WHAT YOU NEED TO DO: The lines below, from the one holding "英国 爱丁堡出发 格伦菲南高架桥+格伦科峡谷+高地一日游【参观著名的格伦芬南高架桥，格伦芬南纪念碑，风景如画的希尔湖】" through the one holding "Casa de condomínio", are to be restated word for word, with all images left out.

##### PROVIDED ENTRIES #####

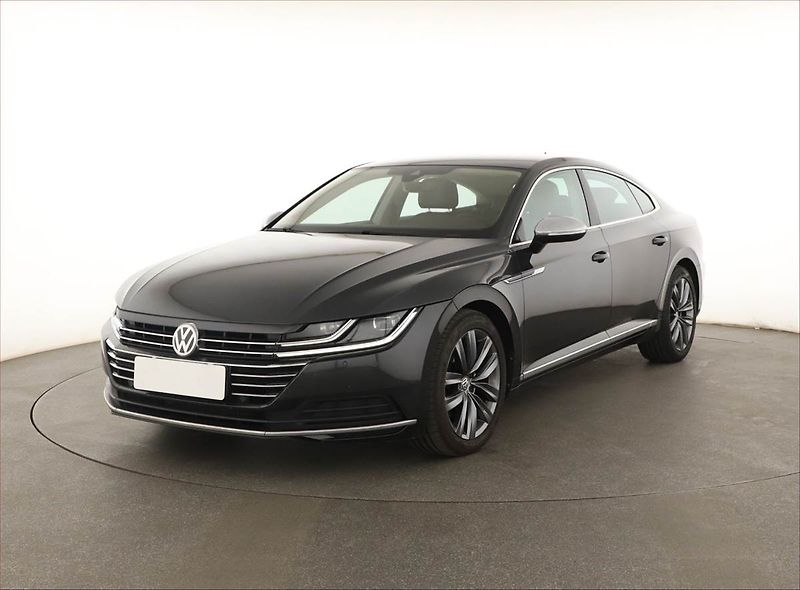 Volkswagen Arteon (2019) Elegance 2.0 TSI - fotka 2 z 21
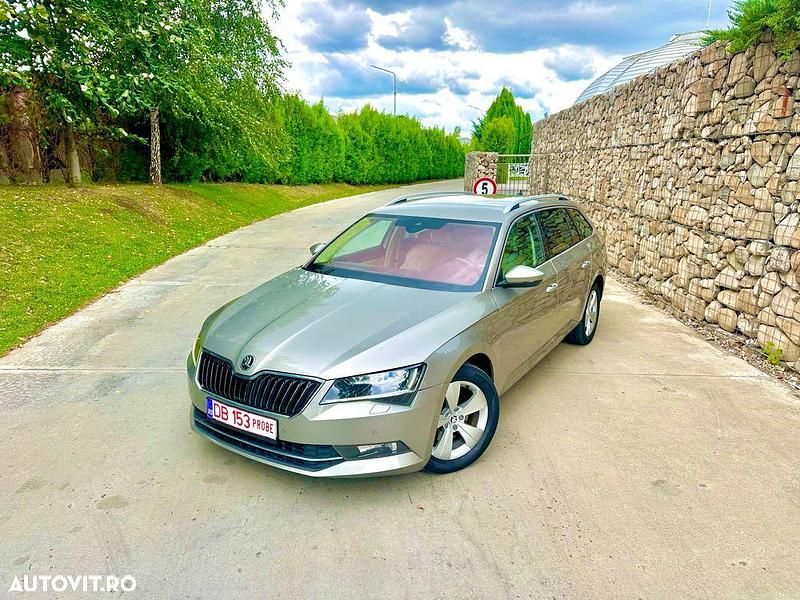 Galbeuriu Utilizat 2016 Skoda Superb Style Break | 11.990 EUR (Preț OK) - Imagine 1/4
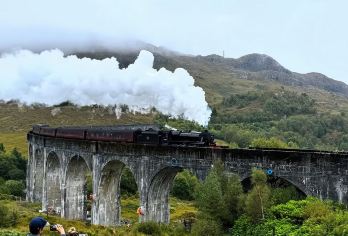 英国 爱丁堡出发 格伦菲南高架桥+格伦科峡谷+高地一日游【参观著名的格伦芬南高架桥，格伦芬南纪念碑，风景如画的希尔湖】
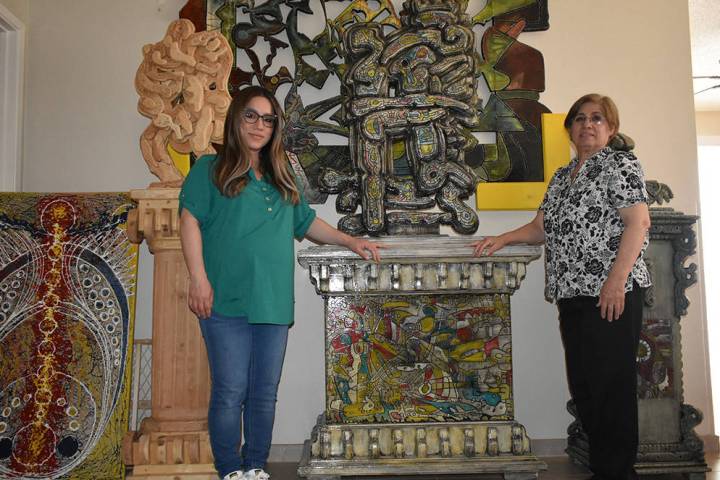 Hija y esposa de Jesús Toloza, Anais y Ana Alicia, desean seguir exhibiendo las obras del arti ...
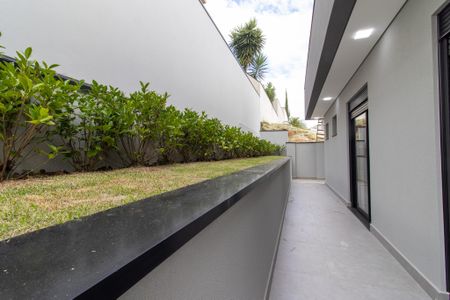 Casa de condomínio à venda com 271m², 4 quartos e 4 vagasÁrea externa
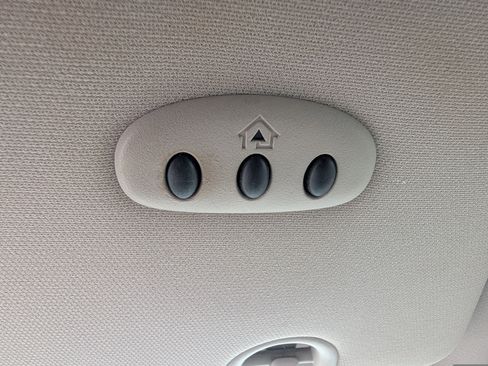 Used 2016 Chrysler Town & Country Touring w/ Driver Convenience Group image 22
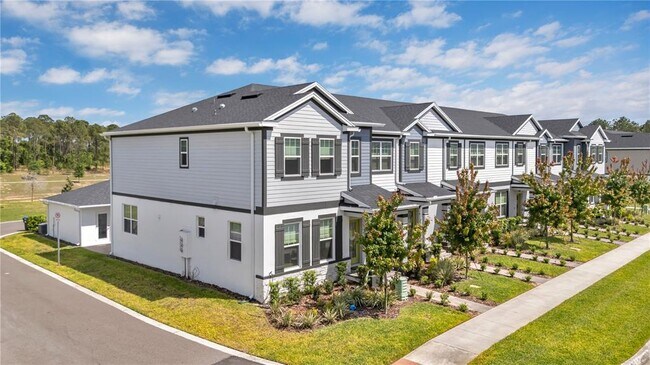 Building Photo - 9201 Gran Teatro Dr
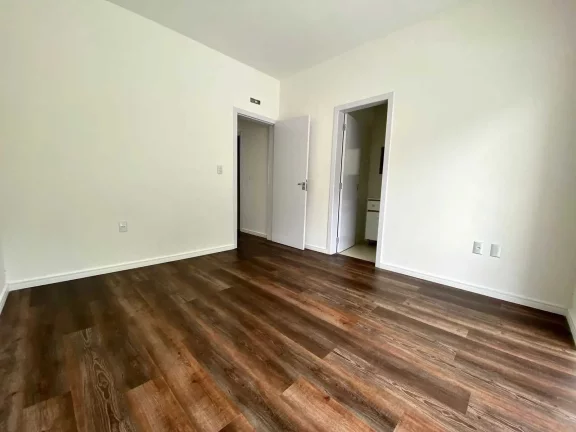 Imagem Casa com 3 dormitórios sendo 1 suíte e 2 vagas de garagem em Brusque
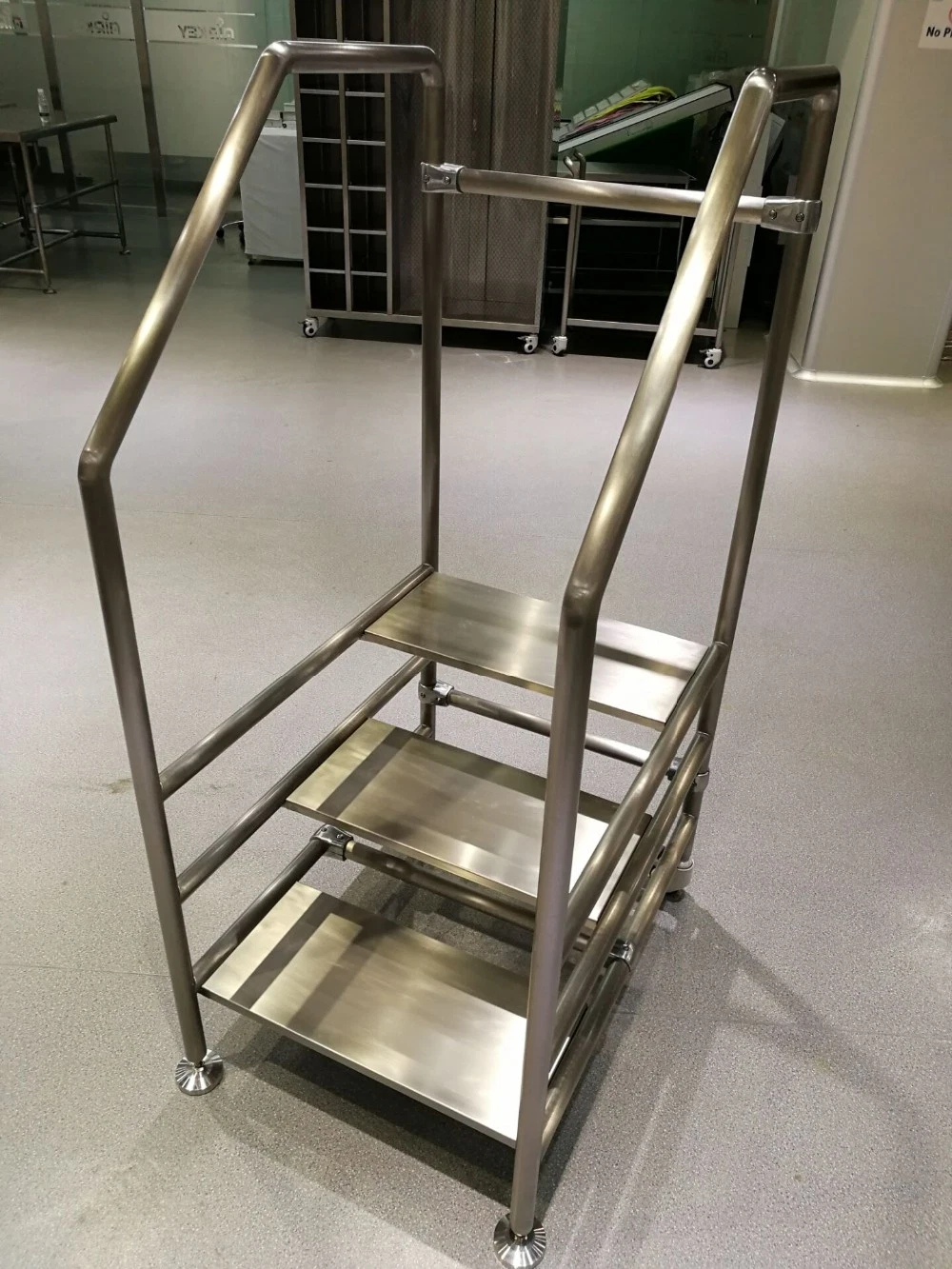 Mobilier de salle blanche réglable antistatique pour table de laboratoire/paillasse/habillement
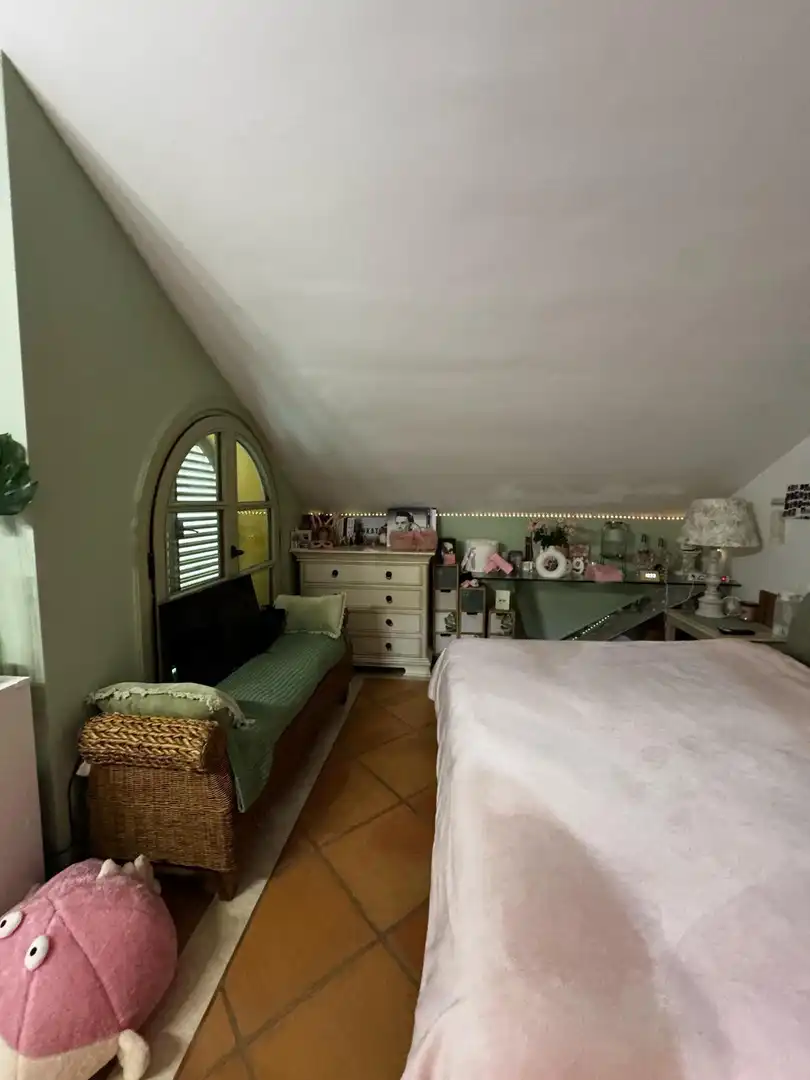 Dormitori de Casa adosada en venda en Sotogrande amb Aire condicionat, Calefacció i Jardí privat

#####
##### PROVIDED ENTRIES #####

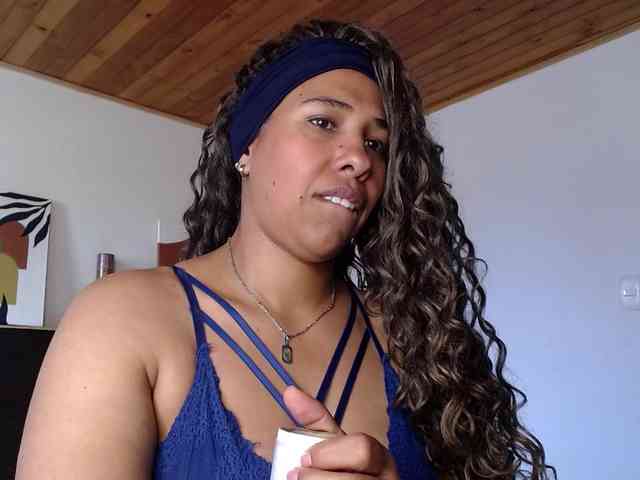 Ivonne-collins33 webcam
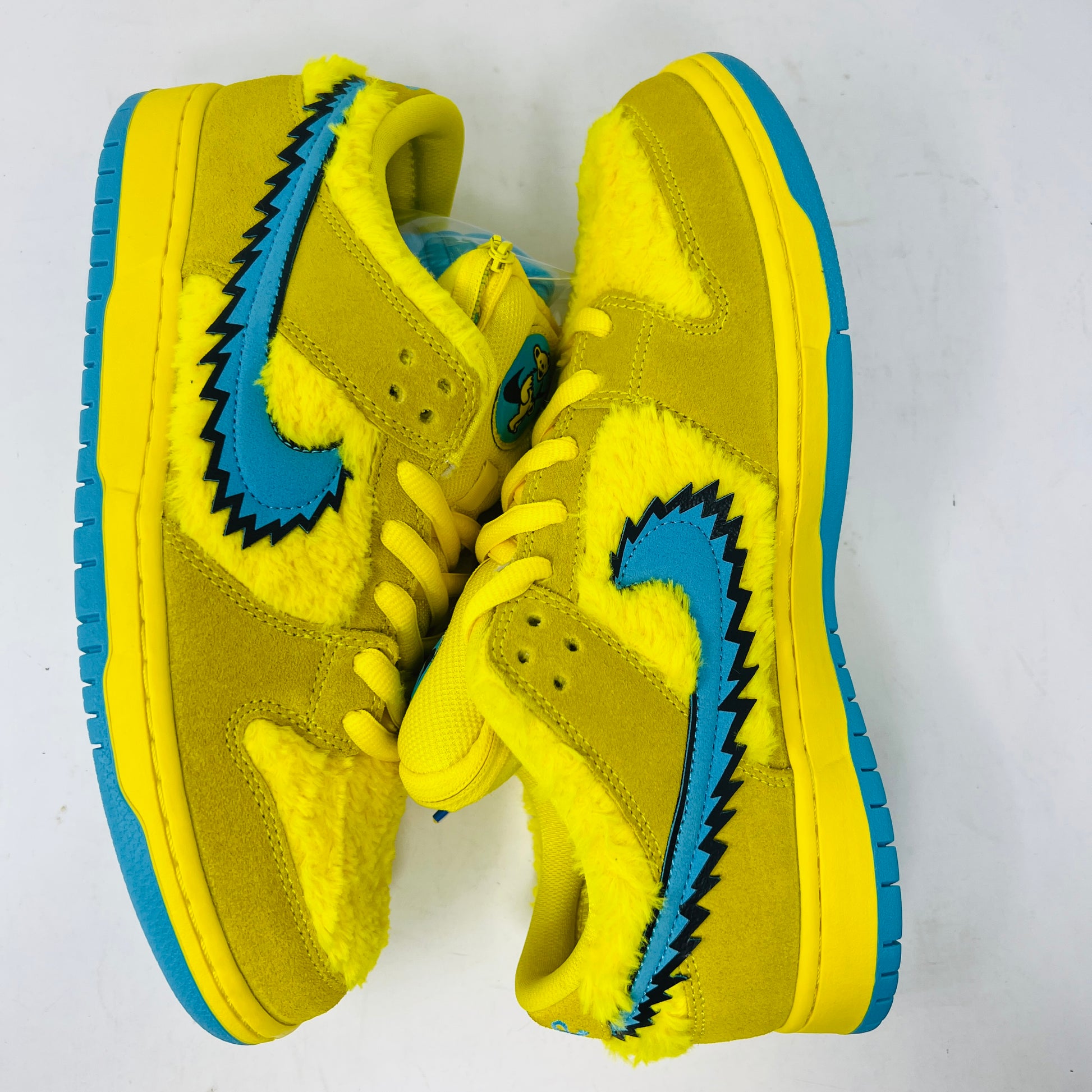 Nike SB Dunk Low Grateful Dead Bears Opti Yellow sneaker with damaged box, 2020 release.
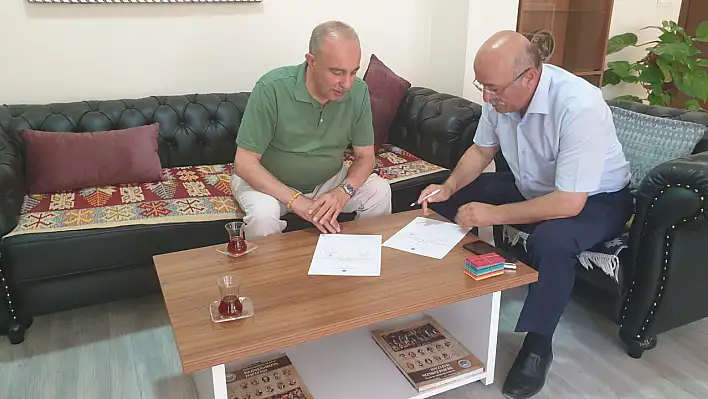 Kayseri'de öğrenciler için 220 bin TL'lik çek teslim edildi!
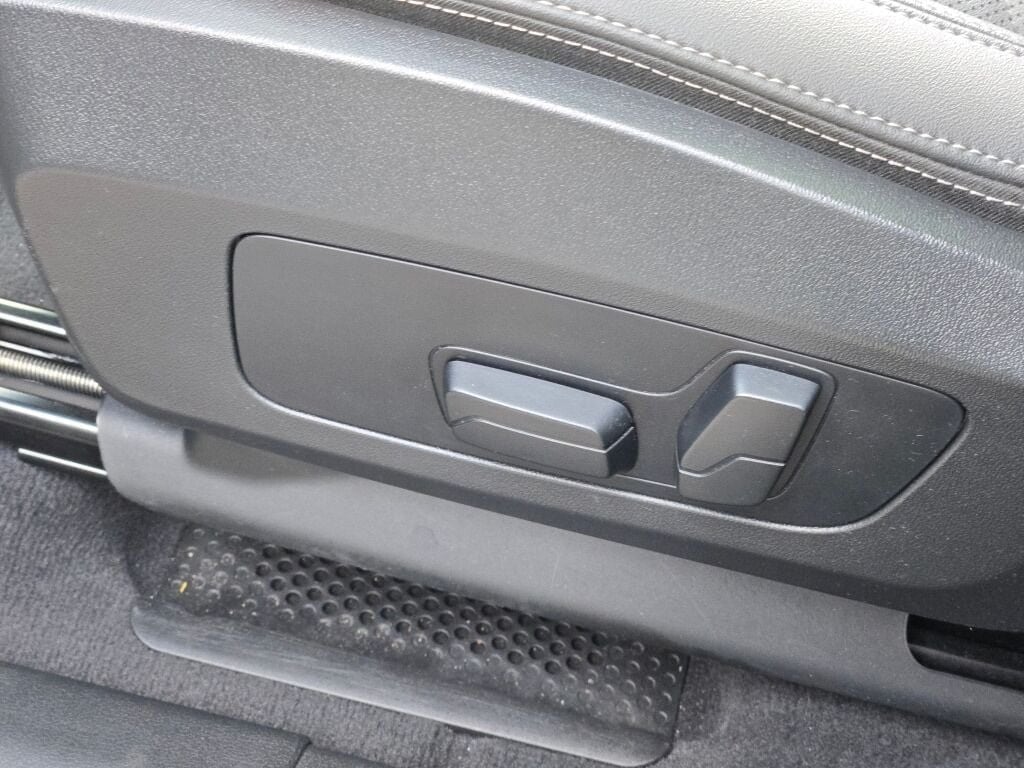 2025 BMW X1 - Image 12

#####
##### PROVIDED ENTRIES #####

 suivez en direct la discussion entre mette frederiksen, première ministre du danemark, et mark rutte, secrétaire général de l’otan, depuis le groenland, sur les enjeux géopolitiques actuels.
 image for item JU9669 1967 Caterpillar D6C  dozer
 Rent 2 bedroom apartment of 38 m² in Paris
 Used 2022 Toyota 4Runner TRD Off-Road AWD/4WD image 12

#####

ANSWER TO THIS PROBLEM:
 英国 爱丁堡出发 格伦菲南高架桥+格伦科峡谷+高地一日游【参观著名的格伦芬南高架桥，格伦芬南纪念碑，风景如画的希尔湖】
 Hija y esposa de Jesús Toloza, Anais y Ana Alicia, desean seguir exhibiendo las obras del arti ...
 Casa de condomínio à venda com 271m², 4 quartos e 4 vagasÁrea externa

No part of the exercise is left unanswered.